# tractor respray



## Footy (Mar 3, 2012)

hello all,
I'm knew to this forum so excuse me 

I'm at the repsraying point of my Ursus Mercury 490 now, and i have got it sprayed by a company but I would like to take part in the spraying part of the restoration. I'm going to try and spray the mudgaurds or fenders. I dont know much about spraying but I have a compressor and a spray gun and other proper materials I need. 

I'm not really sure how much paint I need to do this, as I dont want to have a few cans left over.. :fineprint . How many cans do i need to do this with the primer already layed? (litres)

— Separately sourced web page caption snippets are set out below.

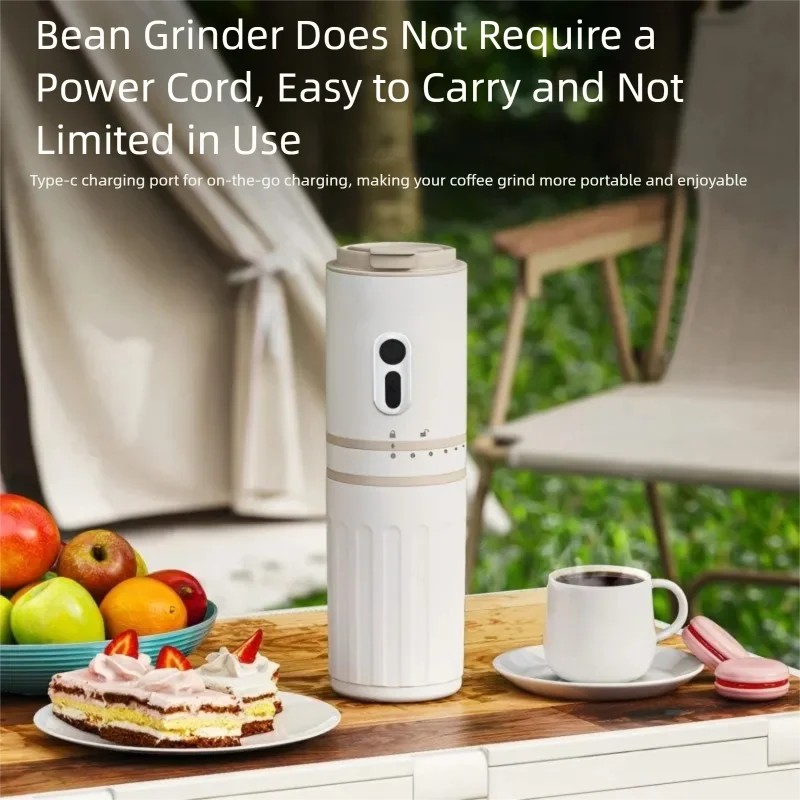Coffee Equipment At Home - All-in-One Coffee Maker Travel-Friendly Handheld Espresso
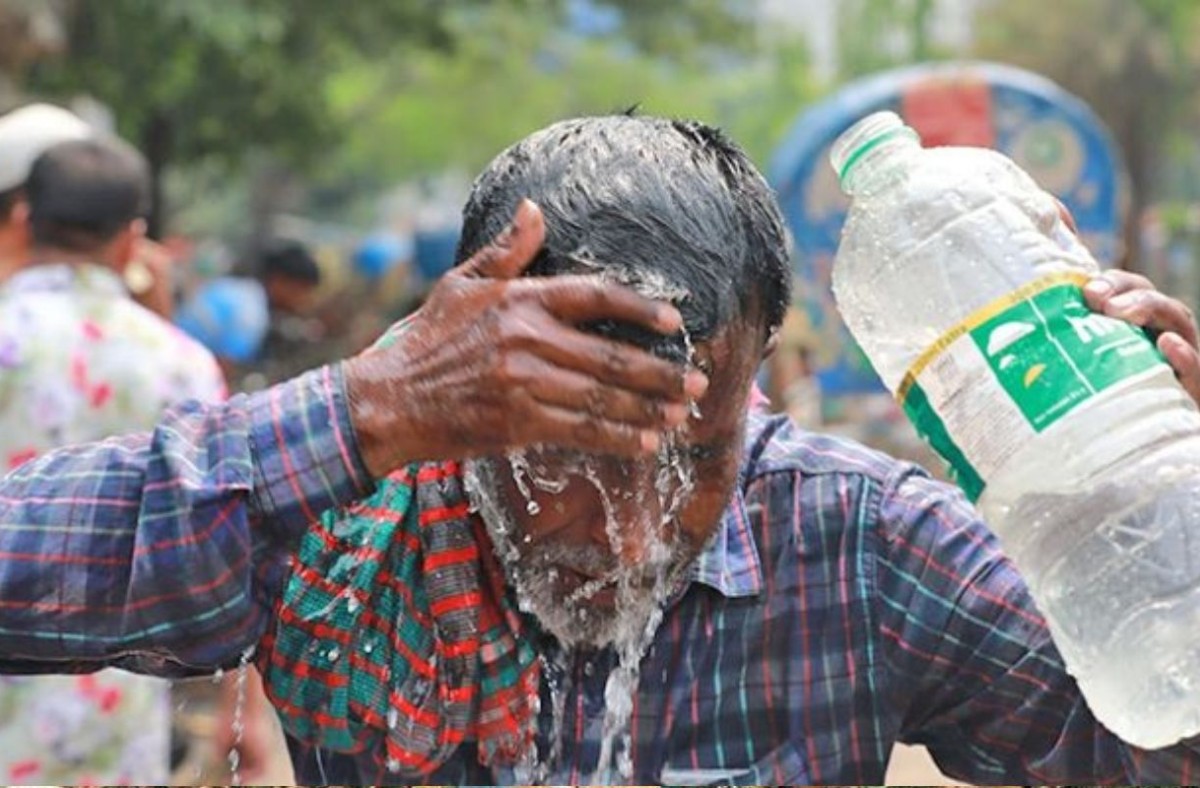 তাপদাহে পুড়ছে চুয়াডাঙ্গা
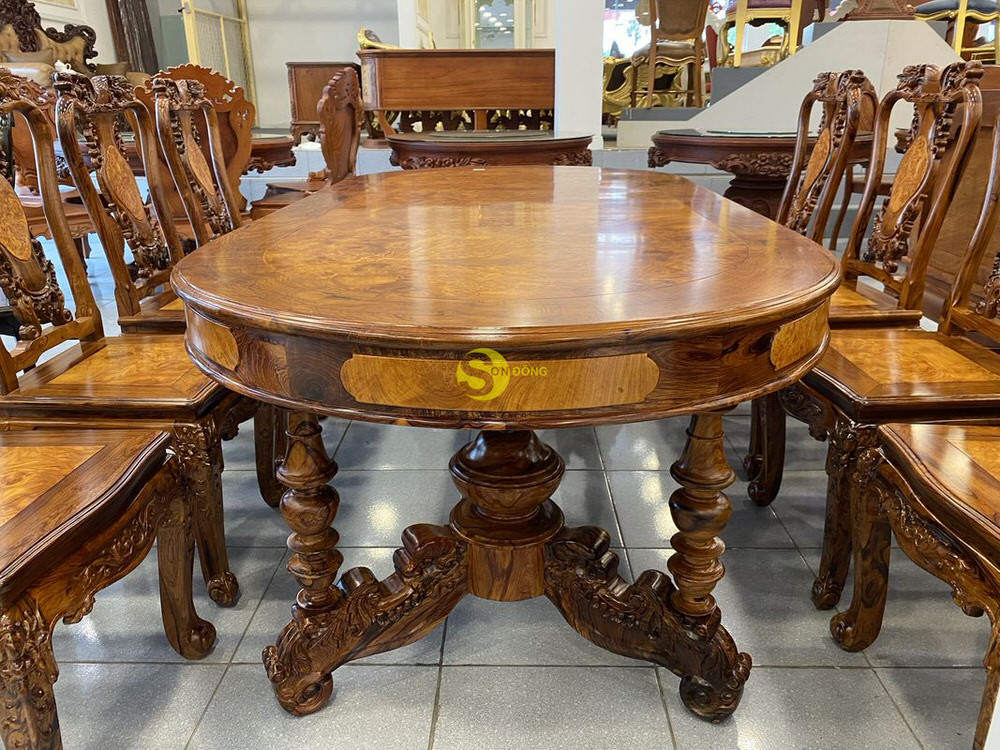 Nội thất sơn đông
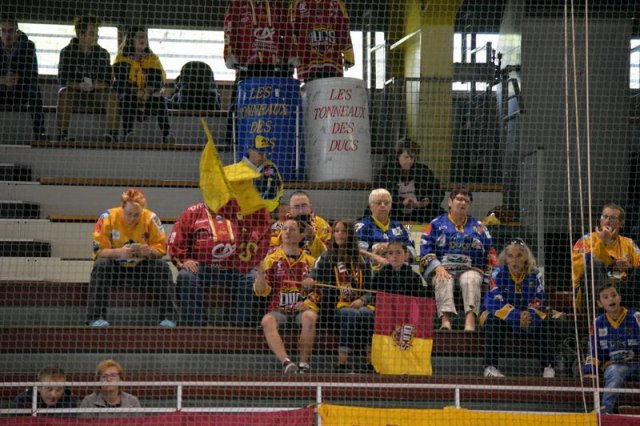 Photo hockey match Dijon  - Roanne le 02/09/2017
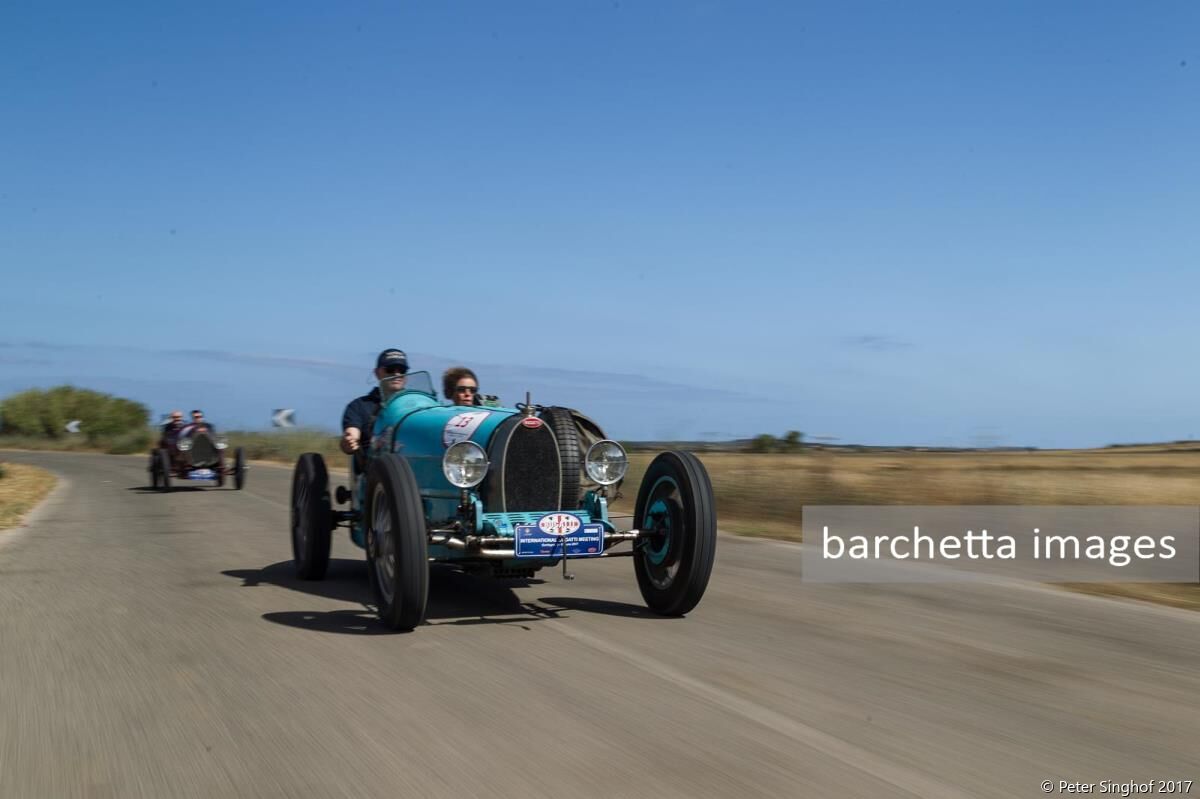 International Bugatti Meeting Sardinia 2017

Are these points ok for the spraying? 
1. Sand down the fenders
2. tack cloth or decreaser
3. primer
4. then 3 coats of the Ursus orange
Is this a good method of getting a good finish? 

any tips welcomed  

Sorry for the long read


----------



## Mattystang (Jan 10, 2012)

I've been painting my mower this winter as well. I did the following;
1. Sand down
2. Wash with water and a little dish soap
3. Degreaser
4. Mineral Spirits
5. Primer
6. Paint


----------



## Footy (Mar 3, 2012)

Cool, In term of how much paint you used? would 1 litre of paint go along way?Silly question, but I have no idea!
Thanks for the reply


----------



## Thomas (Nov 1, 2006)

Welcome to TF Footy.


----------



## pogobill (Jan 31, 2012)

In regards to the amount of paint you are going to need, best talk to your paint supplier. A liter of paint should cover a certain square footage, and multiplied by the number of coats should give you a quantity. If your supplier is a good one, he should help you out with this, or it may even be written on the side of the can. I don't suspect that you'll need very much paint to do the mud guards and fenders.
Cheers


----------



## Mattystang (Jan 10, 2012)

Don't know, I used rattle cans.


----------



## Footy (Mar 3, 2012)

thanks for the replys! I may contact the supplier of the paint to see what they say about quantity.


----------



## Footy (Mar 3, 2012)

Just another question, Has anyone any idea's of what primer i should get? theres loads of different types and not sure which one to use. And after applying the paint should I spray a clear coat over that, or will it be fine without the clear coat?


----------